Data records
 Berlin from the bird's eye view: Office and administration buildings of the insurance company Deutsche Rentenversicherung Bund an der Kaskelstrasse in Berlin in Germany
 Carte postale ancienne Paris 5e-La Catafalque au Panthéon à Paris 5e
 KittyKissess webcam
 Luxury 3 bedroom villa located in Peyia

==

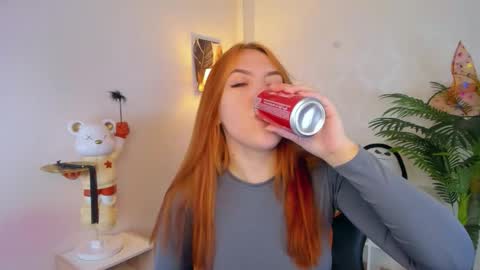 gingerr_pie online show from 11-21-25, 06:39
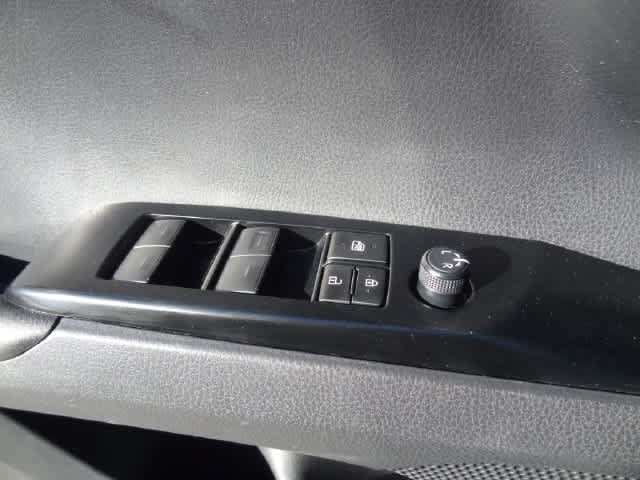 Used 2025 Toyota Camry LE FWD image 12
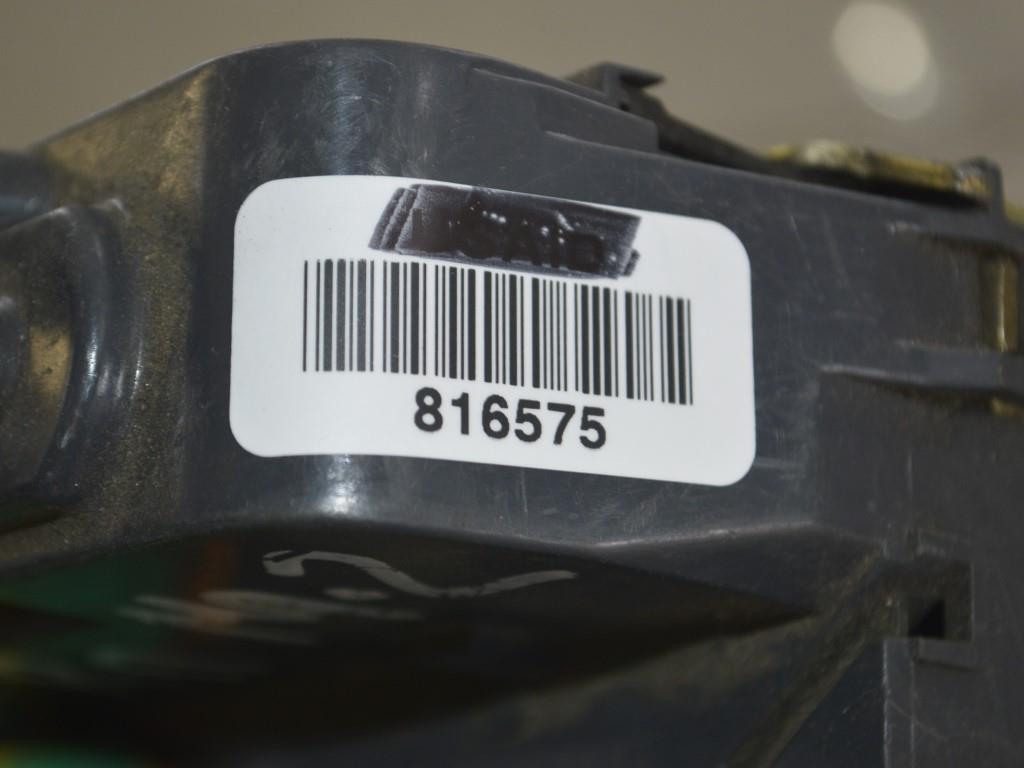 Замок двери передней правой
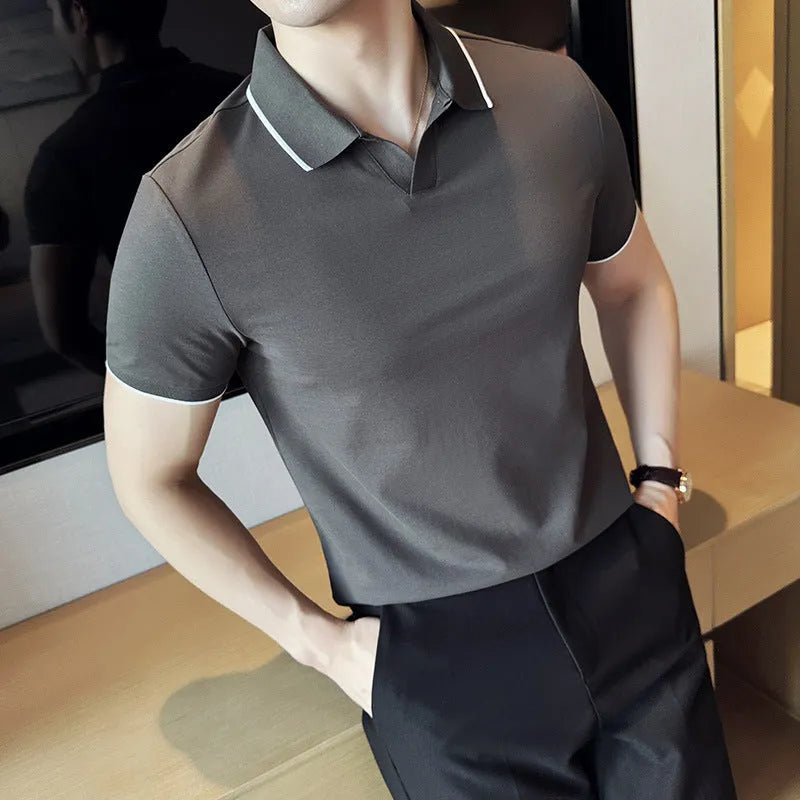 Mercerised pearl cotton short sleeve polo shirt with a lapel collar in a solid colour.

What you should do
Would you retype the lines above from the one with "Berlin from the" down to the one with "Luxury 3 bedroom villa located in Peyia", word for word, both ends included and no other lines?

Response area
 Berlin from the bird's eye view: Office and administration buildings of the insurance company Deutsche Rentenversicherung Bund an der Kaskelstrasse in Berlin in Germany
 Carte postale ancienne Paris 5e-La Catafalque au Panthéon à Paris 5e
 KittyKissess webcam
 Luxury 3 bedroom villa located in Peyia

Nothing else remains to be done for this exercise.